Foi para facilitar o agronegócio, principalmente nos plantio de eucalipto, pastagens e café, que os três últimos governos do Estado deixaram de cumprir o artigo 189 da Constituição do Estado, promulgada em 1989. Dois dos mandatos de Paulo Hartung (PMDB), de 2003 a 2010, e no mandato de Renato Casagrande (PSB), de 2011 a 2014.
Esta é avaliação de um dos coordenadores do Movimento dos Pequenos Agricultores (MPA) no Espírito Santo, Valmir Noventa, ao analisar a atual crise hídrica no Estado. Aponta que as matas nativas são essenciais para assegurar a formação das nascentes e manter os níveis dos córregos e rios normais, segundo as estações do ano.
Ao invés de cumprir a lei e determinar o plantio de vegetação da mata atlântica, que produz água, os governos do economista Paulo Hartung e do engenheiro florestal Renato Casagrande favoreceram o plantio de eucalipto. A espécie, exótica, é voraz consumidora de água, além de grande consumidora de minerais do solo, a ponto de levar a terra à exaustão, como é constatado no norte capixaba.
Determina a Constituição Estadual, promulgada em 1989, no artigo 189, que “os proprietários rurais ficam obrigados a preservar ou a recuperar com espécies florestais nativas 1% ao ano de sua propriedade, até que atinja o limite mínimo de 20%”.
No artigo 190 é determinado, ainda: “o Poder Público poderá estabelecer, para fins de proteção de ecossistemas, restrições ao uso de áreas particulares que serão averbadas no registro imobiliário”.
No parágrafo 1°: “o Estado, na forma da lei, estabelecerá incentivos aos proprietários das áreas alcançadas pela restrição prevista neste artigo e pela obrigação constante do artigo anterior”. E, no parágrafo: “2°: as terras particulares cobertas com florestas nativas receberão, na forma da lei, incentivos do Estado proporcionais à dimensão da área conservada, e seu proprietário terá prioridade na concessão de crédito”.
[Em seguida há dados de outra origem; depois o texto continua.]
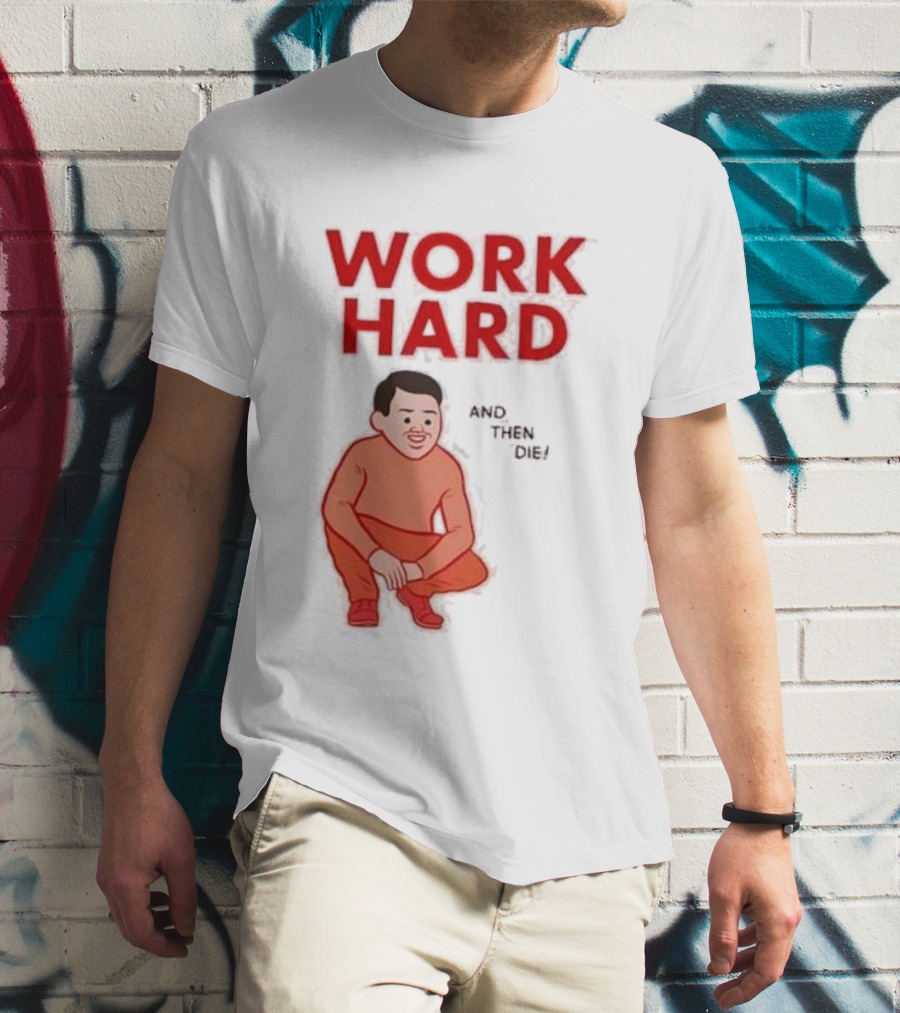 Work Hard And Then Die Red Text With Squatting Character T-Shirt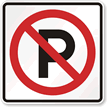 No Parking (graphic only) Aluminum Traffic Sign
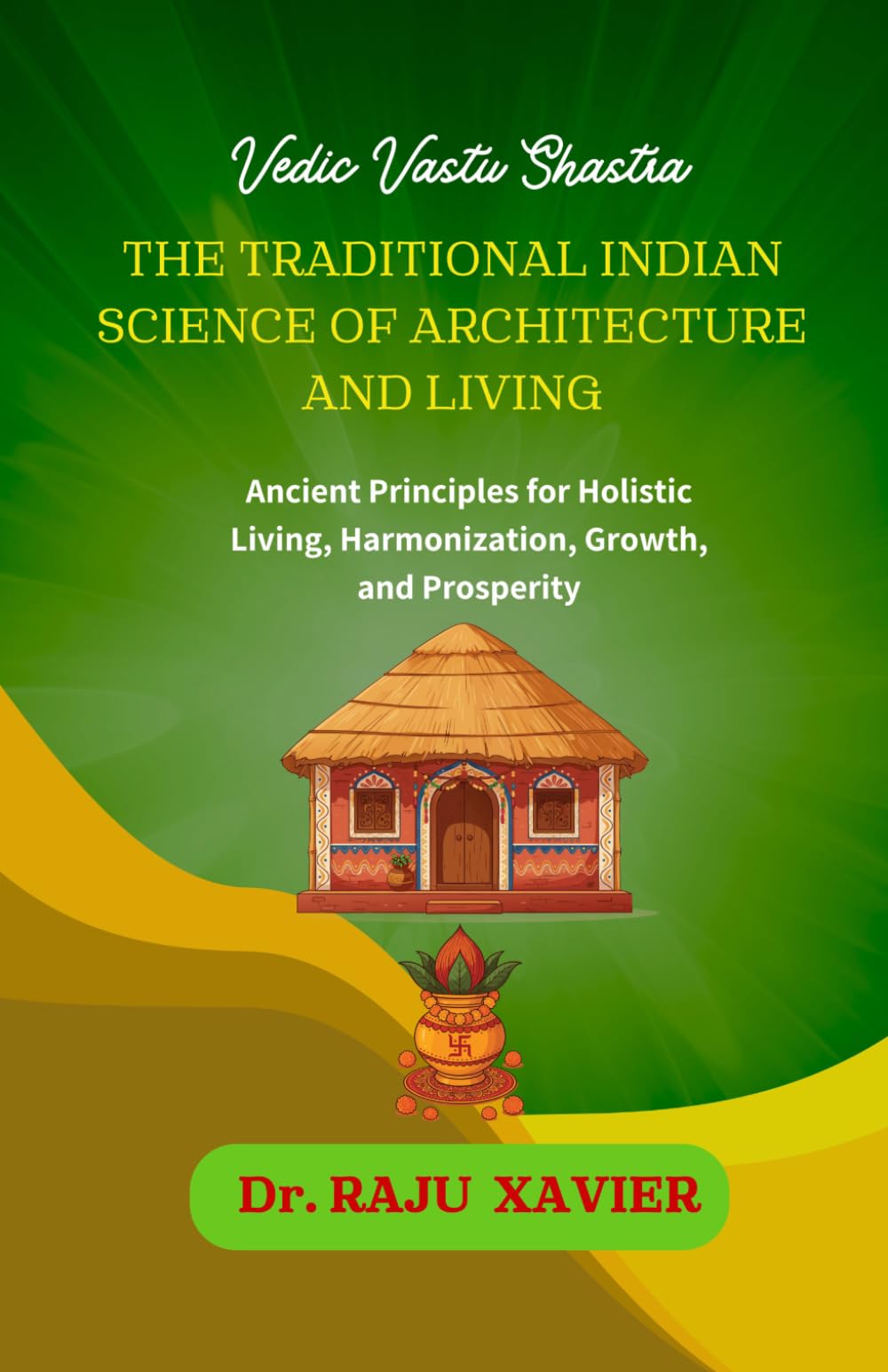 VEDIC VASTU SHASTRA: The Ancient Wisdom for Modern Living, Harmonize Your Space, and Transform Your Life (GLADDOMA)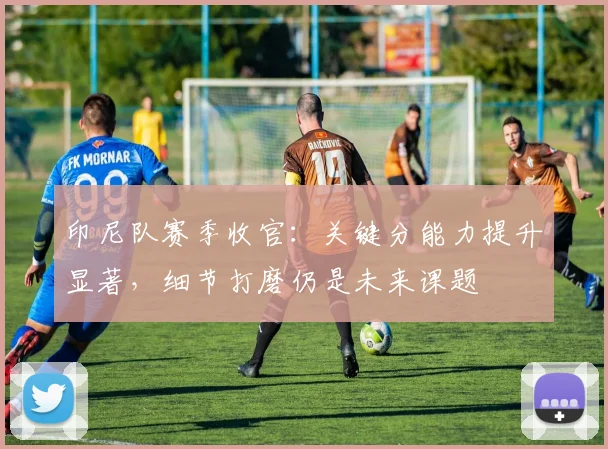印尼队赛季收官:关键分能力提升显著,细节打磨仍是未来课题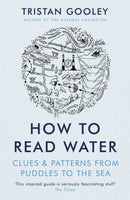 How To Read Water : A must-have for all nature lovers - perfect reading for your autumn adventures-9781473615229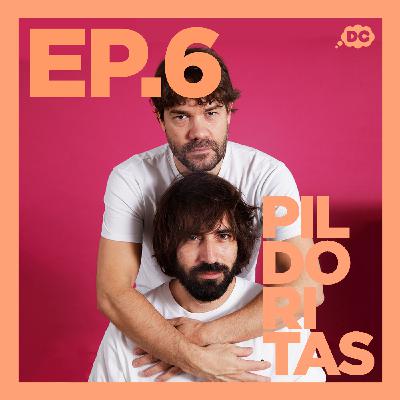 PILDORITAS Ep.6 | Relaciones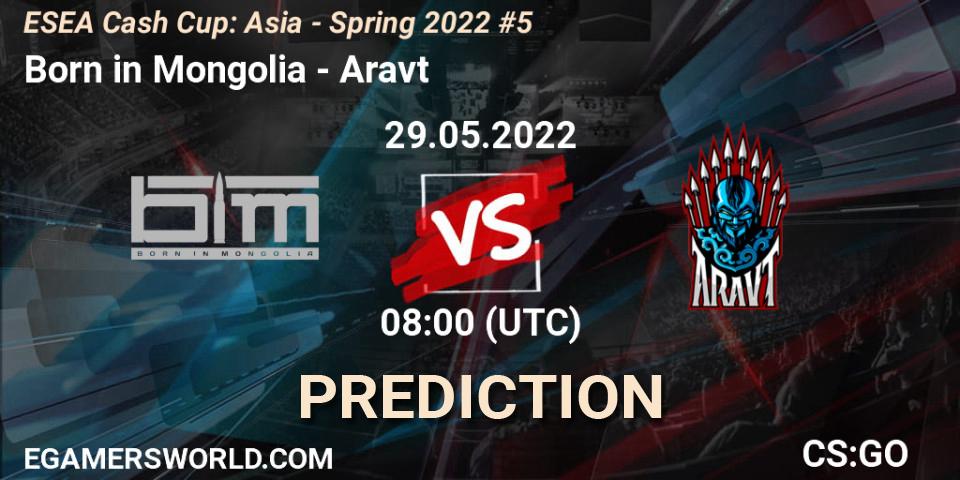 Born in Mongolia - Aravt: прогноз. 29.05.2022 at 08:00, Counter-Strike (CS2), ESEA Cash Cup: Asia - Spring 2022 #5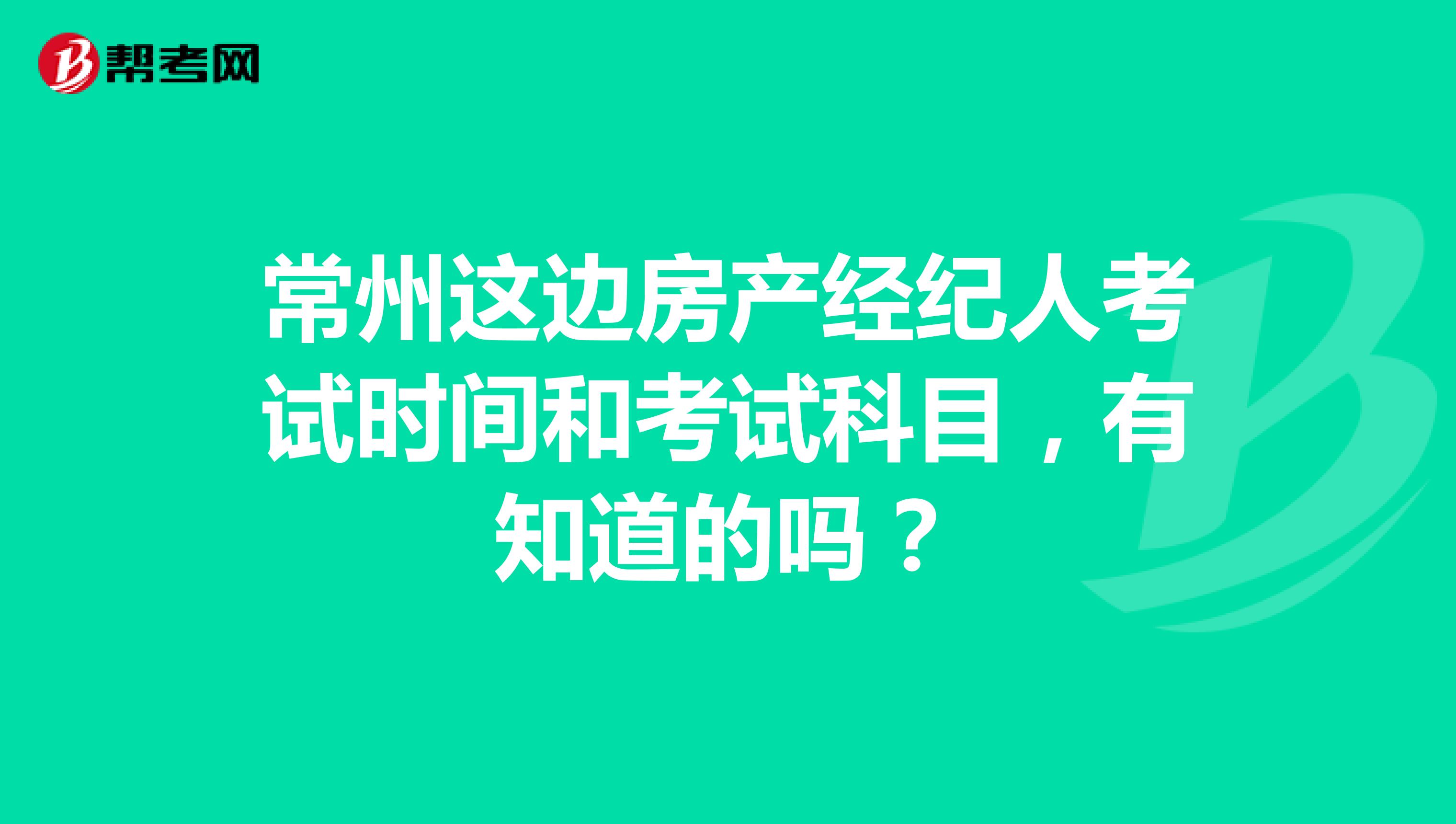 常州这边房产经纪人考试时间和考试科目,有知道的吗?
Não foram adotadas tais providências, sentencia Valmir Noventa. Medidas? Só pontuais, afirma. O dirigente do MPA acrescenta que nos governos Paulo Hartung e Renato Casagrande, o Estado foi o primeiro a não acompanhar, tampouco fiscalizar o cumprimento da lei. E tudo para beneficiar grandes grupos econômicos no campo, como os que plantam eucalipto, principalmente a Aracruz Celulose (Fibria), e os latifundiários que plantam capim e café.
“O desinteresse em relação ao ambiente visa atender ao interesse do capital. O interesse do cidadão e do próprio Estado, que é a proteção do ambiente e, portanto, também da vegetação nativa, não é contemplado. Os governos têm obrigações de fazer projetos para seus mandatos e estabelecer metas de longo prazo. Nada disso é feito”, afirma Valmir Noventa.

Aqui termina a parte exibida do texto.